● **Data for this exercise**:
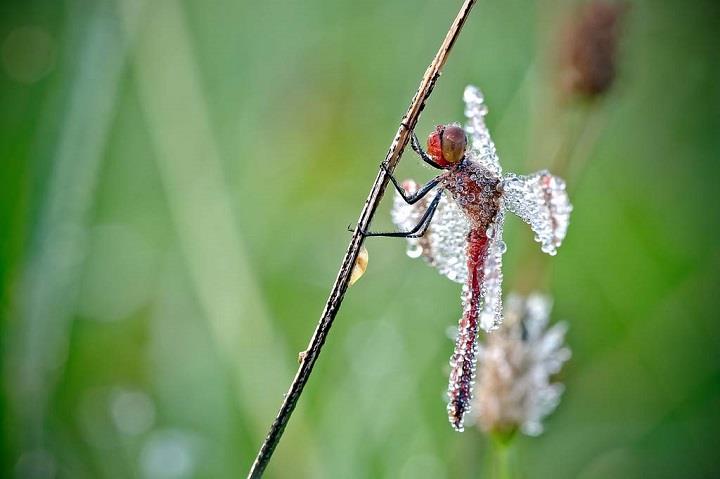 David Chambon - dragonfly photo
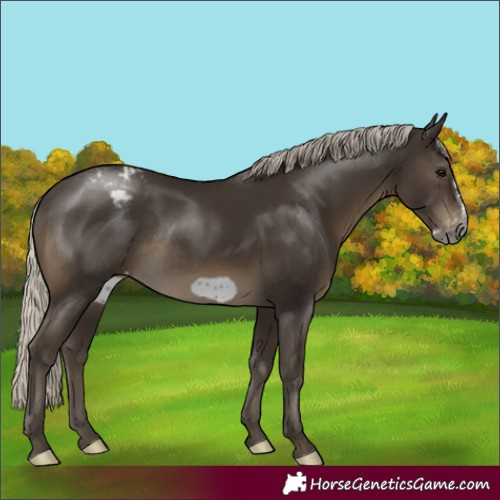 Horse Color:Gray Silver Smoky Black Frame Appaloosa Rabicano 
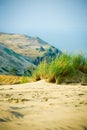 View of Dead Dunes, Nida, Lithuania Royalty Free Stock Photo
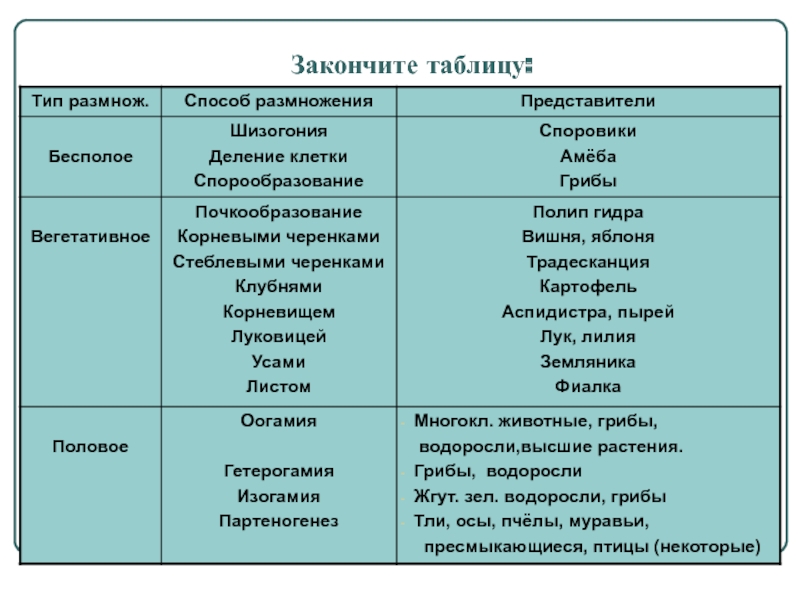 Кракен телеграм каналы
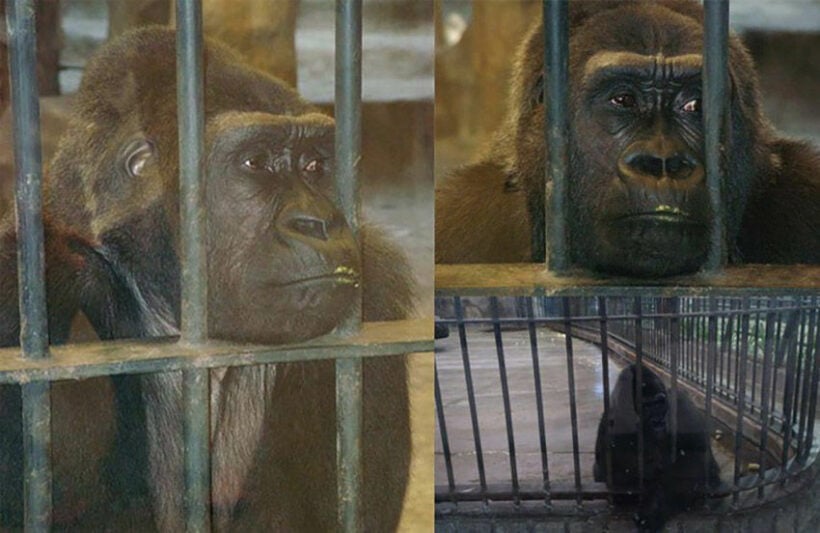 Cher calls for Thailand’s only gorilla to be rescued after 30 years in Bangkok shopping mall zoo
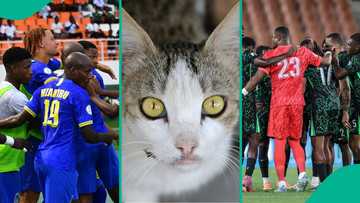 Nigeria vs Tanzania: Mysterious cat forecasts AFCON 2025 outcome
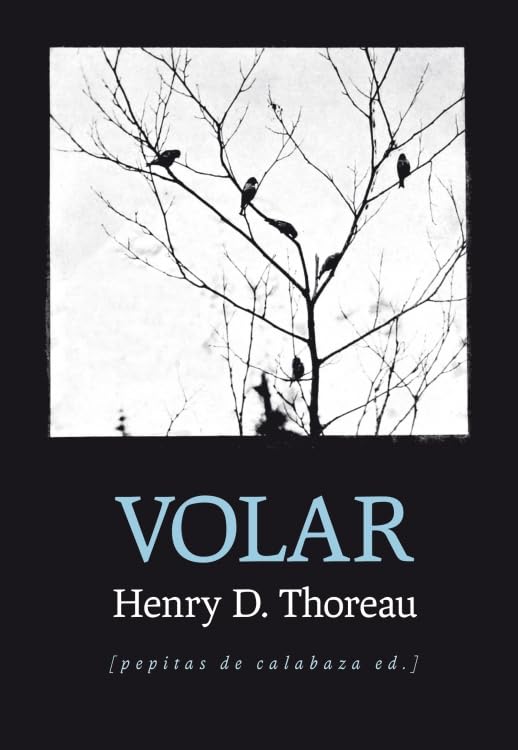 Volar (FONDO)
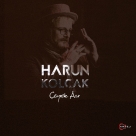 Harun Kolçak, Çeşitli Sanatçılar: Çeyrek Asır - Plak Foto #1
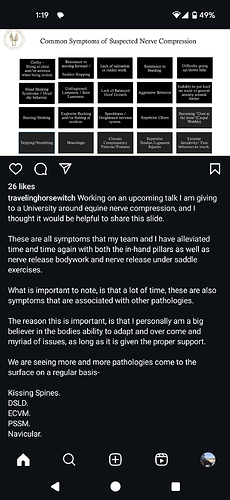 Screenshot_20240804-131909
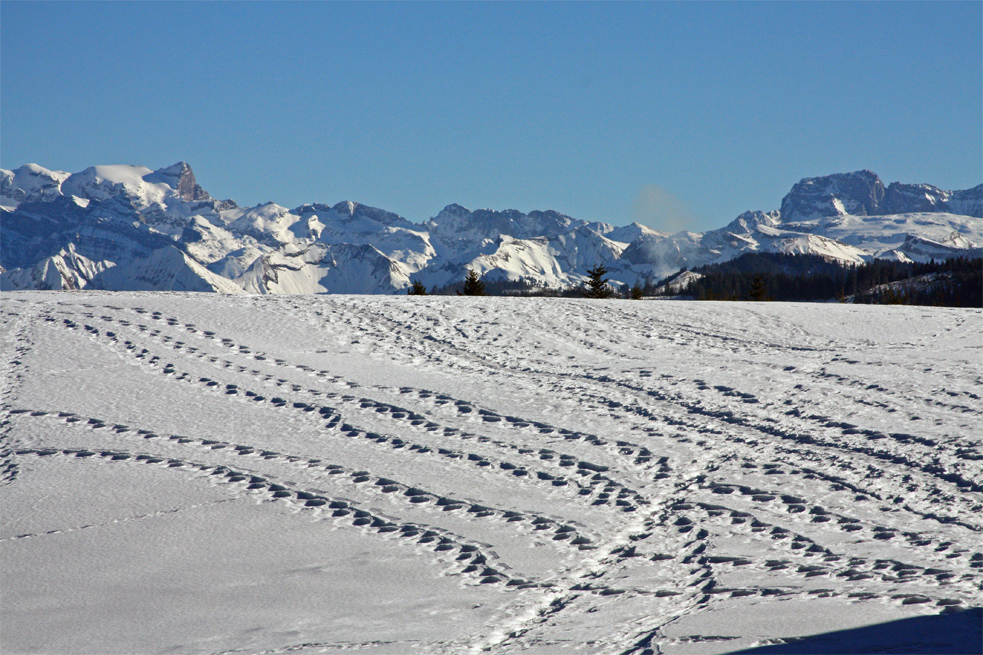 Spuren im Schnee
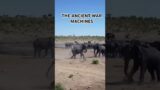 THE ANCIENT WAR MACHINES #earth #history #nature #war #youtubeshorts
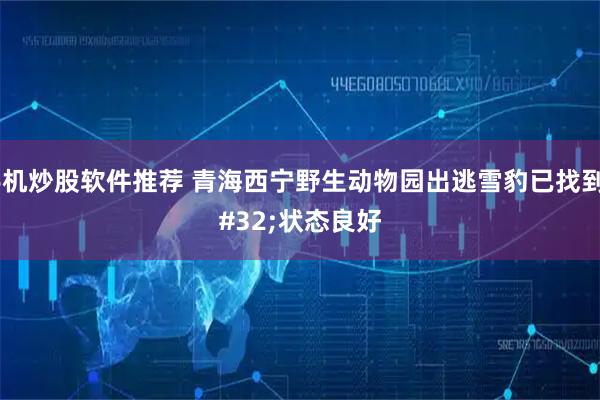 手机炒股软件推荐 青海西宁野生动物园出逃雪豹已找到&#32;状态良好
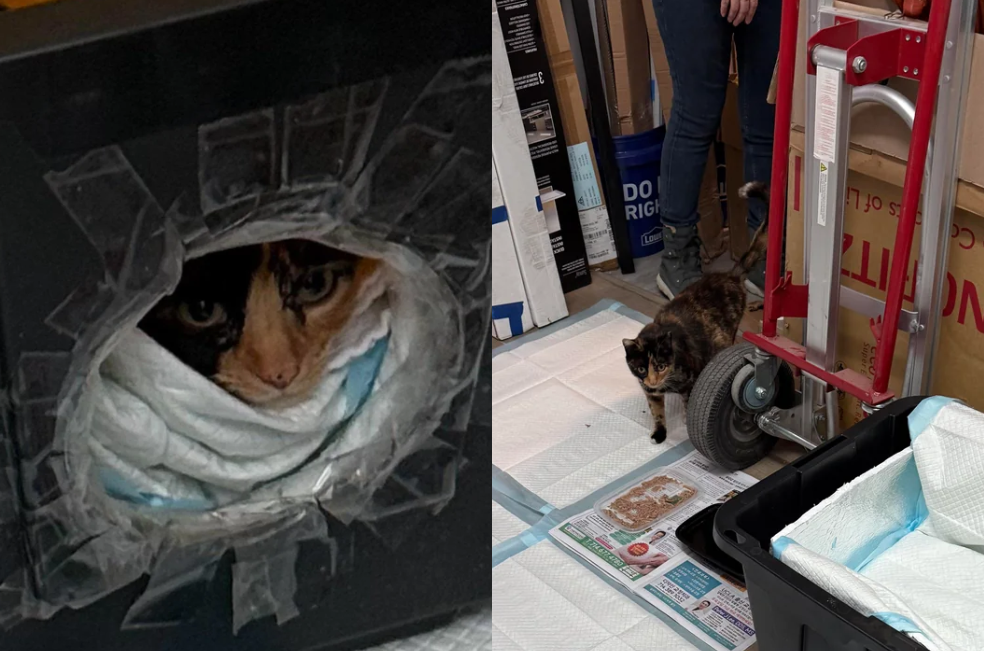 Gata callejera se coló en una oficina con una sorpresa que los dejó sin palabras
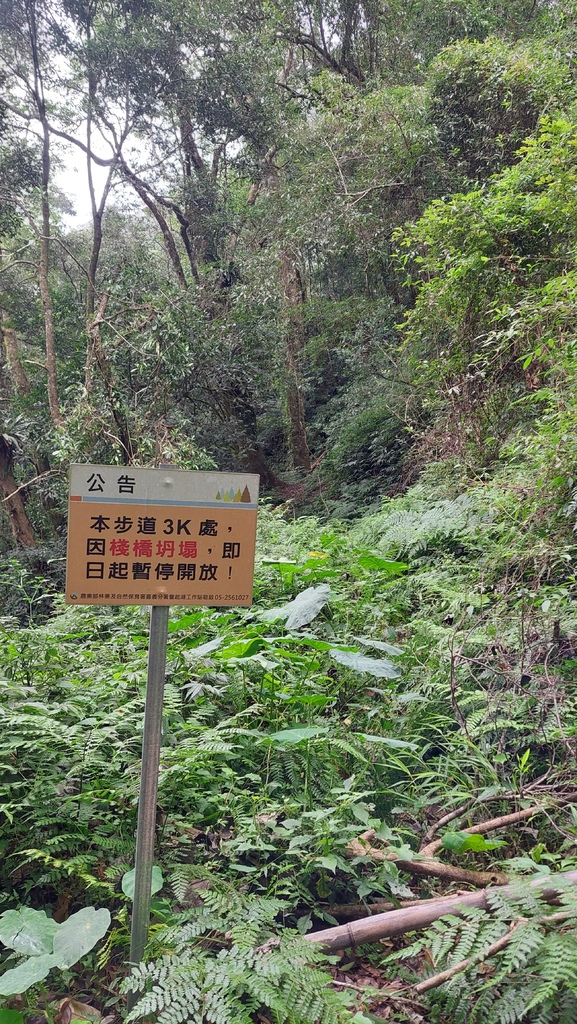 20241120~石壁山、嘉南雲峰登山步道|南側登山口起登→ 20241120~石壁山、嘉南雲峰登山步道|南側登山口起登→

● **Exercise details**:
What is needed is an exact copy of the entries, without any images.

● **Solution below**:
 David Chambon - dragonfly photo
 Horse Color:Gray Silver Smoky Black Frame Appaloosa Rabicano 
 View of Dead Dunes, Nida, Lithuania Royalty Free Stock Photo
 Кракен телеграм каналы
 Cher calls for Thailand’s only gorilla to be rescued after 30 years in Bangkok shopping mall zoo
 Nigeria vs Tanzania: Mysterious cat forecasts AFCON 2025 outcome
 Volar (FONDO)
 Harun Kolçak, Çeşitli Sanatçılar: Çeyrek Asır - Plak Foto #1
 Screenshot_20240804-131909
 Spuren im Schnee
 THE ANCIENT WAR MACHINES #earth #history #nature #war #youtubeshorts
 手机炒股软件推荐 青海西宁野生动物园出逃雪豹已找到&#32;状态良好
 Gata callejera se coló en una oficina con una sorpresa que los dejó sin palabras
 20241120~石壁山、嘉南雲峰登山步道|南側登山口起登→ 20241120~石壁山、嘉南雲峰登山步道|南側登山口起登→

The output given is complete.